As the workshop progressed, Laymon began to challenge the students more. As his own passion in writing deals largely with growing up as a black boy in Jackson, Mississippi, he encouraged the participants of the workshop to discuss topics such as race, gender, and sexual orientation, within their own writing.
He questioned their anxieties in using a voice that does not necessarily belong to them. “Why are you afraid?” he asked. “Do you feel anxiety when thinking about writing people of color and LGBT characters?” Many students agreed that they did.
“Everyone is comprised of different voices,” Laymon told the class. He discussed with his students how and why they change their voice in certain circumstances, and what these modulations had to do with identity and power. Students brought in their own experiences of this effect in their day-to-day life, relating it back to the their gender, race, and feeling of power in those situations.
“I think there’s a way to discover the voices we have via writing,” he explained. Laymon encouraged his students to utilize their writing to deal with these modulations which they make. He challenged them to take risks, to go outside of themselves and write experimentally. Laymon also encouraged them to maintain respect and accuracy, but to not feel anxious in their ambitions to understand others through voice.
After the workshop, Laymon had time to briefly speak with The Sewanee Purple. When asked whether he thought finding one’s voice comes through the creative process or real life, he replied, “I think the root of finding your voice is in real life, but I think the creative process can help you hone that voice which you’ve found in real life.”
On the subject of whether attention to voice in real life can affect power and identity in society, Laymon said, “I think that if you pay attention to the ways that we talk to people and the ways which people talk to us, and the ways that we’re encouraged to talk to people in particular situations, if we pay a lot of attention to it, I think hopefully we can interact with people in less violent ways in real life and hopefully in our art.”
Laymon also offered advice for those who wish to pursue creative writing but feel nervous about finding a voice.

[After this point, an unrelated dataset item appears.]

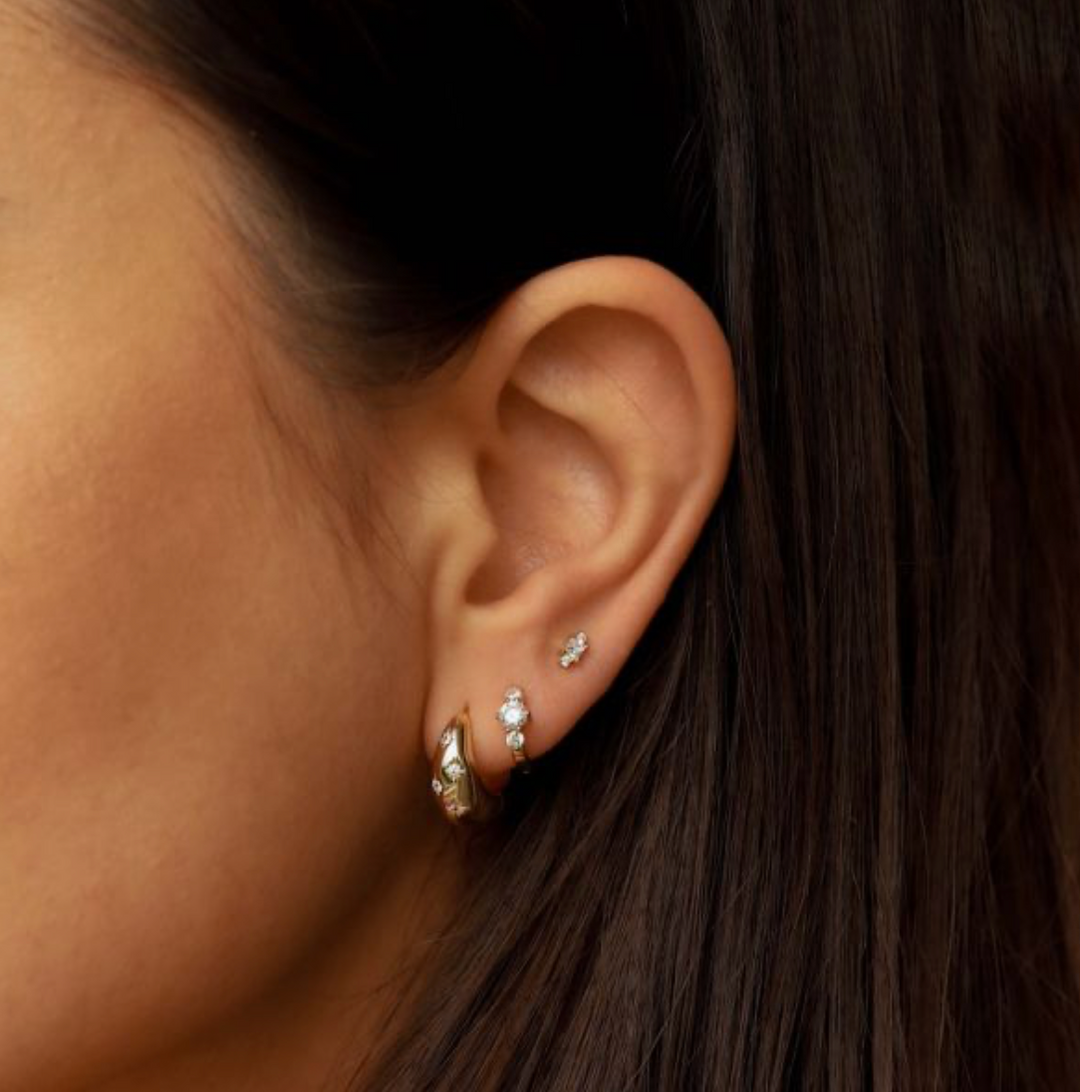 Karma Jewelry H497 - Stelly - Hinged Hoops Dames Oorbellen - 925 Sterling Zilver - 14K Gouden Plating - Goudkleurig - 15 MM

“One: I think you honor all of your voices, like you really think about all of the different voices you use in different social situations, and I think you think about the voices you’re discouraged to use,” he said. “And if it was me, what I would try to do is think about the voice we’re discouraged to use and try to write a story from that particular voice, that’s the smallest voice we might have. I think sometimes you can do some interesting things by sitting in the smallest part of you.”